Let's cover several examples explaining the error in more context.

Setup

For this post we will work with the following DataFrame:

import pandas as pd

data = {
    'team': ['team_blue', 'team_red', 'team_blue', 'team_red', 'team_blue', 'team_red', 'team_blue', 'team_red', 'team_blue', 'team_red'],
    'day': [7, 7, 8, 8, 9, 9, 10, 10, 10, 10],
    'points': [10, 12, 9, 7, 14, 5, 9, 8, 10, 11],
}
df = pd.DataFrame(data)

data:

team day points
0 team_blue 7 10
1 team_red 7 12
2 team_blue 8 9
3 team_red 8 7
4 team_blue 9 14

Step 1: Detect duplicate records

The error will be raised in case of duplicates on any of the axes.

So in order to ensure that there's no duplicates on the selected columns or rows we can use:

df[df.duplicated(['team', 'day'], keep=False)]

output:

team day points
6 team_blue 10 9
7 team_red 10 8
8 team_blue 10 10
9 team_red 10 11

if we get non empty result it means that error will be occur if we try to use those columns with pivot:

pd.pivot(df,'team', 'day' )['points']

The result is Pandas well known error:

ValueError: Index contains duplicate entries, cannot reshape

Note: We can use also:

df.duplicated(['row', 'col']).any()

The output is True or False. In case above it's True

Step 2: Remove duplicate records

To solve the error when we have duplicates we can remove duplicates. To do so we will use method: df.drop_duplicates():

df = df.drop_duplicates(['team', 'day'])

This time running:

pd.pivot(df,'team', 'day' )['points']

will not raise errors. The result is:

day 7 8 9 10
team
team_blue 10 9 14 9
team_red 12 7 5 8

Step 3: Use pivot_table

For duplicated records we can use the method pivot_table with aggregation functions. For example we can check number of records per each group by:

pd.pivot_table(df, index='day', columns='team', values=['points'] , aggfunc='count')

Instead of error we get the count for each column:

points
team team_blue team_red
day
7 1 1
8 1 1
9 1 1
10 2 2
Pro Tip 1
Two main differences between:
pivot
and
pivot_table

(1) "pivot_table" is a generalization of "pivot" that can handle duplicate values for index/column pair.
(2) "pivot_table" will only allow numeric types as "values=", whereas "pivot" will take string types.

Step 4: Use reset_index

Depending on the data and the expected result we can use multiple transformations to solve the error.

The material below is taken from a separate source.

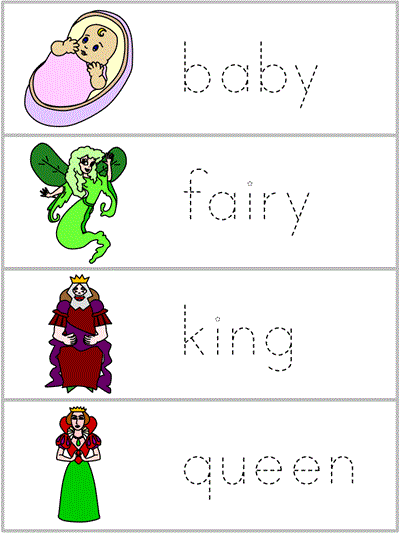 Word Wall Words tracers - baby, fairy, king, queen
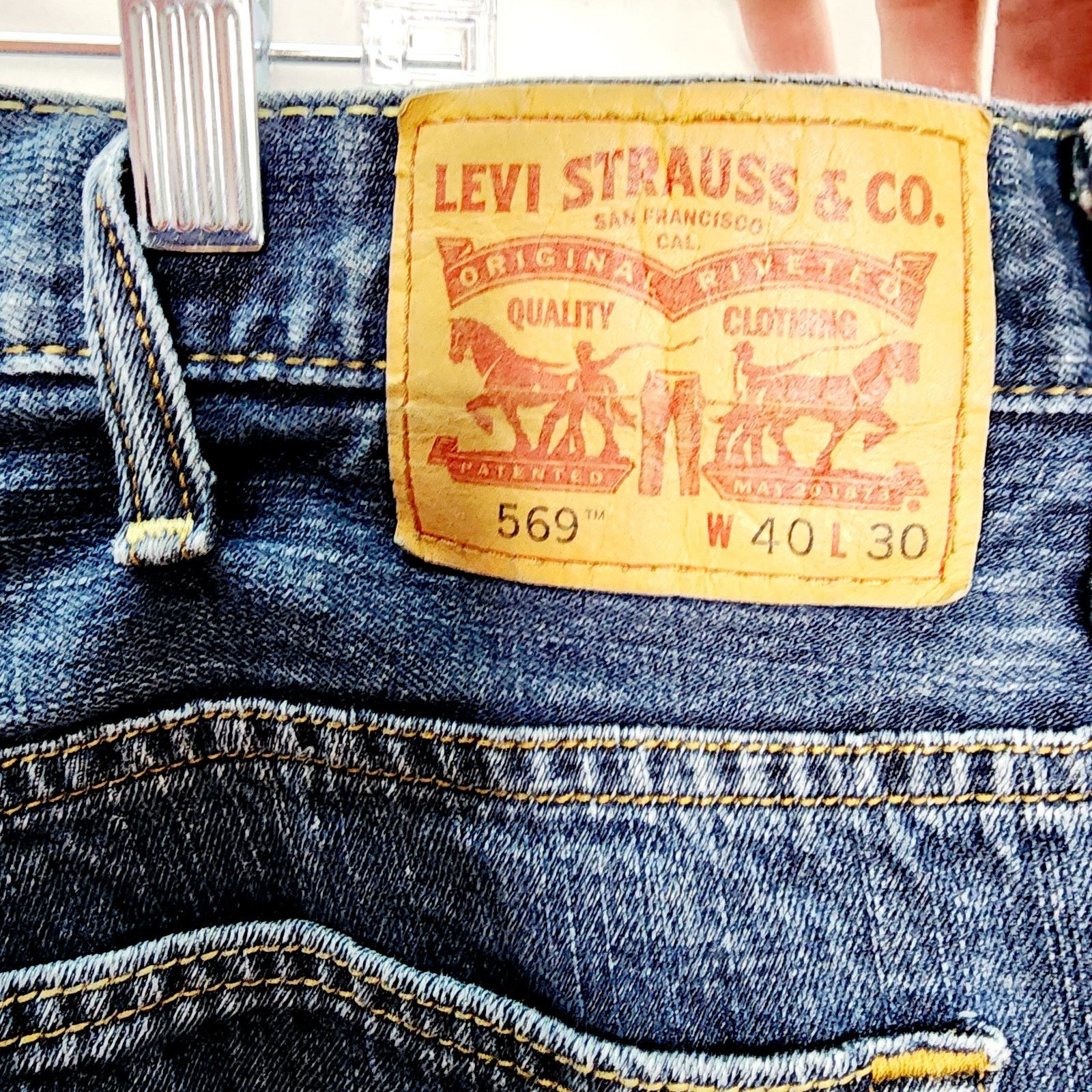 Levi's Levi 569 Loose Straight Fit Men's Blue Denim Jeans Size US 40 / EU 56 - 3 Thumbnail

Let's demonstrate that with using method reset_index():

df_agg = df.groupby(by=['team', 'day'])['points'].sum().reset_index()
df_agg.pivot(index='team', columns='day', values=['points'])

The output is:

points
day 7 8 9 10
team
team_blue 10 9 14 19
team_red 12 7 5 19

How does it work?

First we group by the two columns - 'team', 'day' and then calculate the sum() of points for each group.

df.groupby(by=['team', 'day'])['points'].sum()

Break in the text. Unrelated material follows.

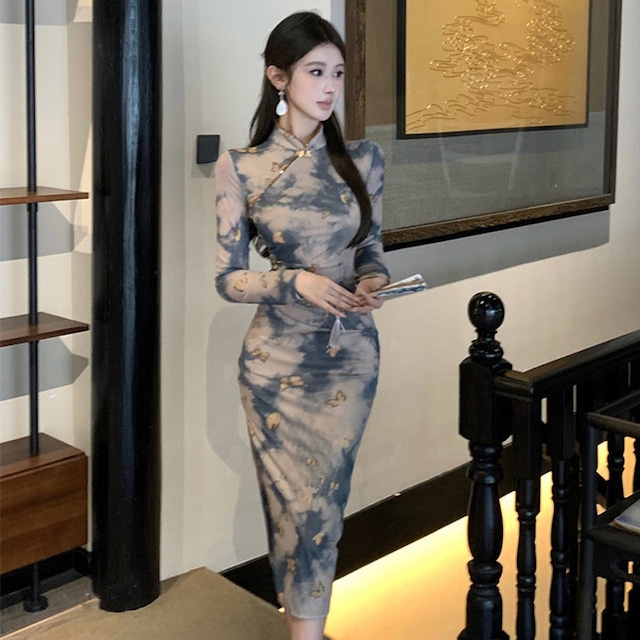 ワンピース チャイナ風 配色 おしゃれ シルエット 長袖 蝶 S M L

The result is a pandas Series:

team       day
team_blue  7      10
           8       9
           9      14
           10     19
team_red   7      12
           8       7
           9       5
           10     19
Name: points, dtype: int64

reset_index() convert it to a DataFrame without duplicates:

points
day 7 8 9 10
team
team_blue 10 9 14 19
team_red 12 7 5 19

Now we can do pivot() without getting an error: "ValueError: Index contains duplicate entries, cannot reshape".

Pro Tip 2
The same result might be achieved in different ways. Depending on the context we can use different methods.

Conclusion

To sum up, this article shows how removing duplicates can solve the "ValueError: Index contains duplicate entries, cannot reshape" error.

We also covered how to find the reasons for the error. Finally we show alternative ways to get the same result.